Zambia has given the go-ahead for development and operation of the South East Ore Body Project, set to up the country’s copper production by 60,000 tonnes a year and create up to 6000 new jobs. The Project – which is planned to house a processing plant and four production, service and ventilation shafts –  is estimated to cost about $832 million to build.

The Project came to the attention of the China Nonferrous Mining Corp earlier this year, which will be constructing and operating the copper plant through its sub-unit NFC Africa Mining Plc.  However, while fulfilling a pivotal state requirement upon with the whole Project hinges, NFC has been delayed in its start-up as it waited on the result of its application for state approval of the project to Zambia’s Environmental Management Agency (ZEMA).

ZEMA has now given its stamp-of-approval to the project, which is expected to see a quick start in construction, with work being billed to begin before the end of this year

Located in the north-western part of Zambia, in the Chambishi area roughly 400 km from Lusaka, the documentation submitted to ZEMA estimates that the South East Ore Body Project holds copper resources of over 76 million tonnes, with a 2.18 percent average grading.

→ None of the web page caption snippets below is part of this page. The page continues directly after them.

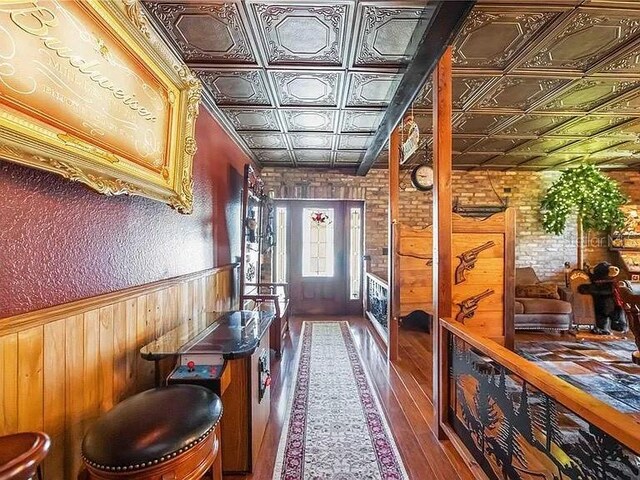 4225 Ulman Ave, North Port, FL 34286 - foyer featuring an ornate ceiling, wooden walls, wood finished floors, and wainscoting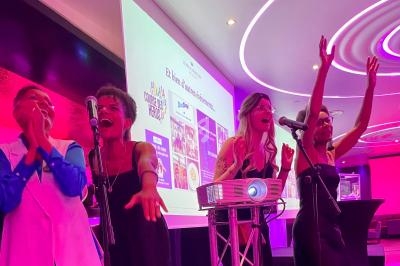 Quatre personnes chantent sur scène avec des micros, un projecteur et un écran en arrière-plan dans une salle éclairée.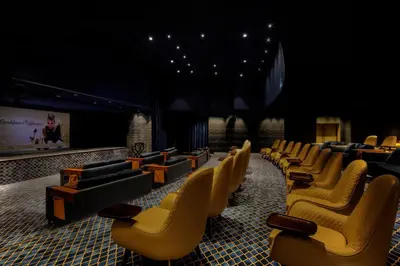 a waiting room with yellow chairs and a screen at Paramount Hotel Dubai in Dubai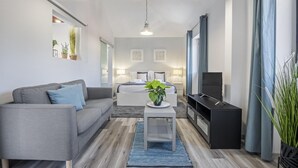A modern living room with a grey sofa, a coffee table with a plant, a TV stand, and a bed in the background. - Basalt House B by Homie (São Vicente)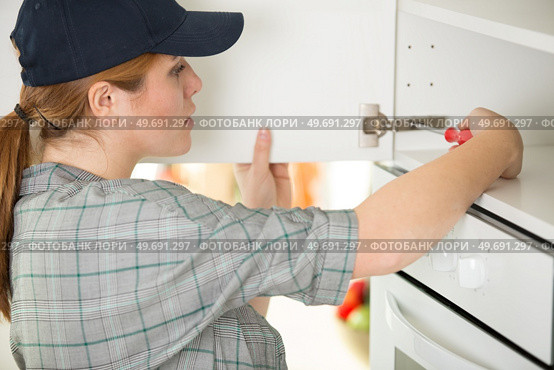 woman screws the side of the door. Стоковое фото, агентство Ingram Publishing / Фотобанк Лори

It has also been suggested that the construction of the operation alone will create 1000 new jobs in the region, with the plant requiring at least a further 5000 new employees when it steps into the copper production phase.  As such, the plant has been heralded as a significant economic benefit for the Chambishi region.

This new Project comes at a time when Zambians have been voicing concerns as to the country’s reliance on the copper industry, which for the past sixty years – since nationalisation of the country’s mines – has been a focal point of Zambia’s economy.  Zambia is ranked as the seventh largest copper producer in the world, although over the past decade the country has seen a significant slowing in its copper outputs largely due to a global drop in copper prices.

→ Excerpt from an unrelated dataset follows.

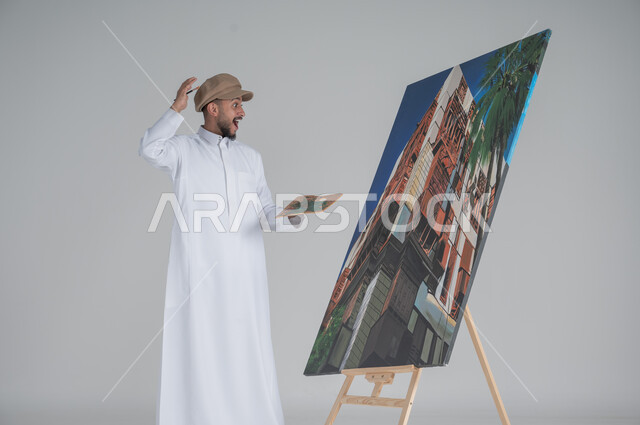 النظر الى اللوحة بايماءات الصدمة والذهول, ورشة عمل وفنون, استخدام ريشة التلوين، أنشطة ترفيهية فنية ممتعة، بورتريه لرسام عربي خليجي سعودي يرتدي الثوب التقليدي وقبعة يحمل بيديه  الالوان المائية,  خلفية بيضاء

The copper production industry has seen a turn-around over the past three years, slowly picking up pace; but there have nonetheless been calls to avoid the kind of reliance that slowed the country’s economy in the 1990s, with Tourism and Arts Minister Sylvia Masebo recently calling for an economic refocus to concentrate on enhancing the Zambian tourism sector as opposed to returning to a fixation on copper mining.